Task 5 - Automatic Cleanup with ttlSecondsAfterFinished

A finished Job and its Pods stay in the cluster until deleted manually. .spec.ttlSecondsAfterFinished changes this. Once the Job finishes, the TTL controller waits that many seconds and then deletes the Job and its Pods automatically. No manual kubectl delete is needed.

Steps:

  • Create a Job named cleanup-demo with .spec.ttlSecondsAfterFinished between 5 and 30, restartPolicy: Never, one container named cleanup-demo using image busybox, command echo done

Once the TTL elapses, kubectl get job cleanup-demo returns NotFound. The Pods are deleted with it - kubectl get pods -l job-name=cleanup-demo also returns empty.

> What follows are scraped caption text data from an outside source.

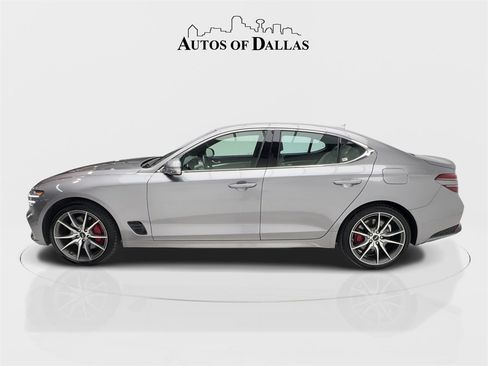 Used 2025 Genesis G70 2.5T image 6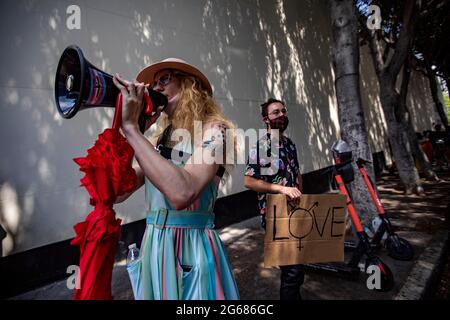 Los Angeles, California, Stati Uniti. 3 luglio 2021. Jamie Penn, co-presidente di Organizer Collective si unisce a manifestanti a sostegno dei diritti transgender, mentre si riuniscono al di fuori della Wi Spa nella zona di Koreatown di Los Angeles a sostegno dell'azienda dopo un video virale lamentato che hanno permesso una donna transgender nella spa. Penn ha detto, ''sto sostenendo un commercio che non dovrebbe essere penalizzato per fare la cosa giusta. Credit: Jill Connelly/ZUMA Wire/Alamy Live News Foto Stock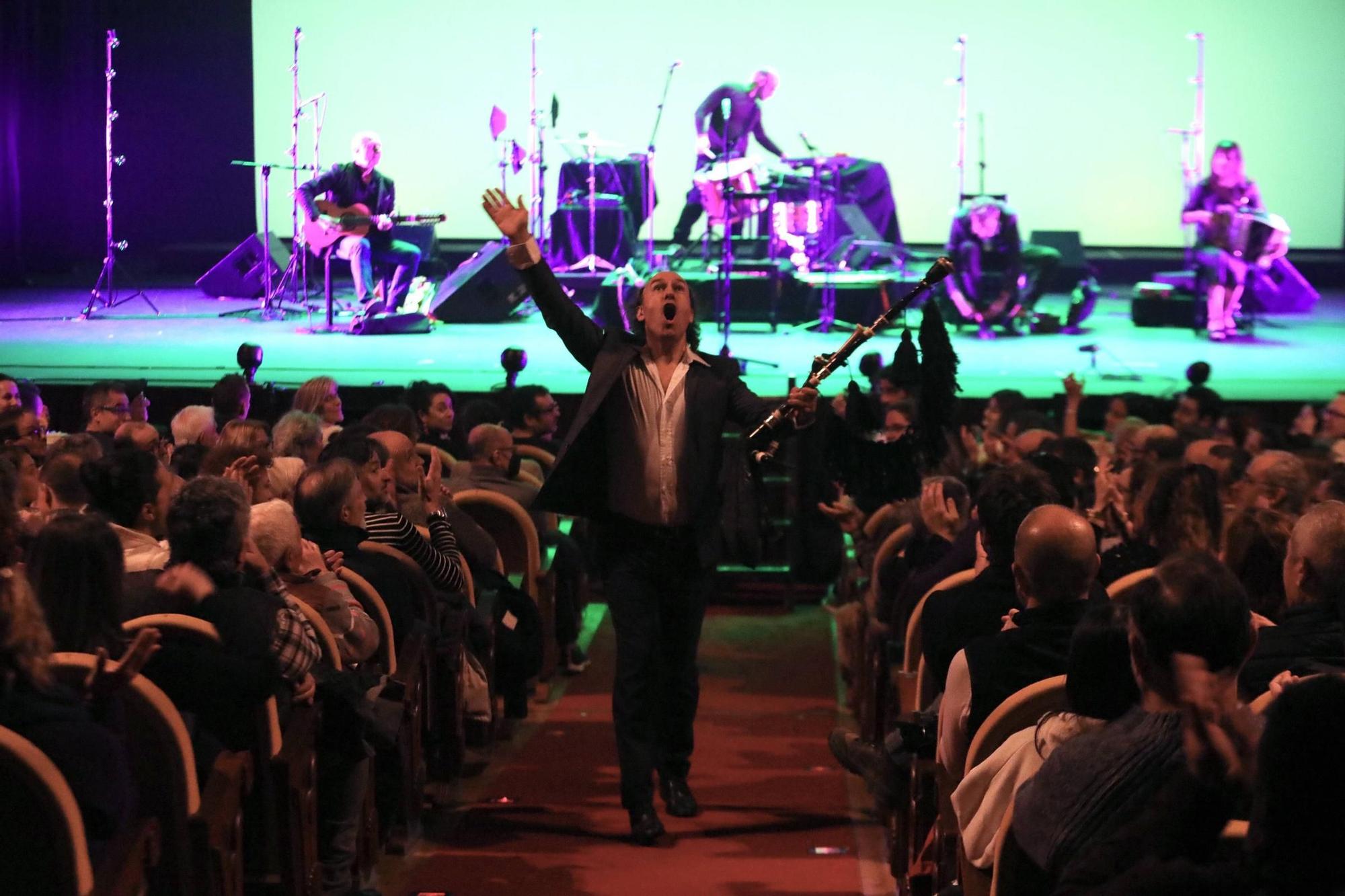 El concierto del gaitero Carlos Núñez en Gijón, en imágenes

Task 6 - Suspend a Running Job

Setting .spec.suspend: true on a running Job stops it without losing progress. The controller deletes all active Pods immediately, but .status.succeeded keeps the count of Pods that already finished. Setting .spec.suspend: false resumes the Job, and the controller creates new Pods to reach .spec.completions.

Steps:

  • Create a Job named slow-batch with .spec.completions: 5, .spec.parallelism: 1, restartPolicy: Never, one container named slow-batch using image busybox, command sleep 20
  • While it is running, set .spec.suspend: true on slow-batch

While slow-batch is suspended, run kubectl get pods -l job-name=slow-batch - the active Pod is gone. .status.succeeded still shows the count of Pods that finished before the suspension. Setting .spec.suspend: false resumes the Job - new Pods appear to complete the remaining runs.


Task 7 - Enforce a Deadline with activeDeadlineSeconds

.spec.activeDeadlineSeconds sets a wall-clock limit for the whole Job, separate from .spec.backoffLimit. Once the Job has been running longer than this value, the controller terminates it with reason DeadlineExceeded, even if .spec.backoffLimit has not been reached yet.

Steps:

  • Create a Job named deadline-demo with .spec.activeDeadlineSeconds: 10, .spec.backoffLimit: 5, restartPolicy: Never, one container named deadline-demo using image busybox, command sleep 60, terminationGracePeriodSeconds: 5 (optional - for a faster Pod kill)

Once the deadline passes, kubectl describe job deadline-demo shows DeadlineExceeded in the conditions. Unlike BackoffLimitExceeded from Task 2, the Job stopped because of elapsed time - not because of retry count. .status.failed shows the pod that was running when the deadline fired - well below .spec.backoffLimit.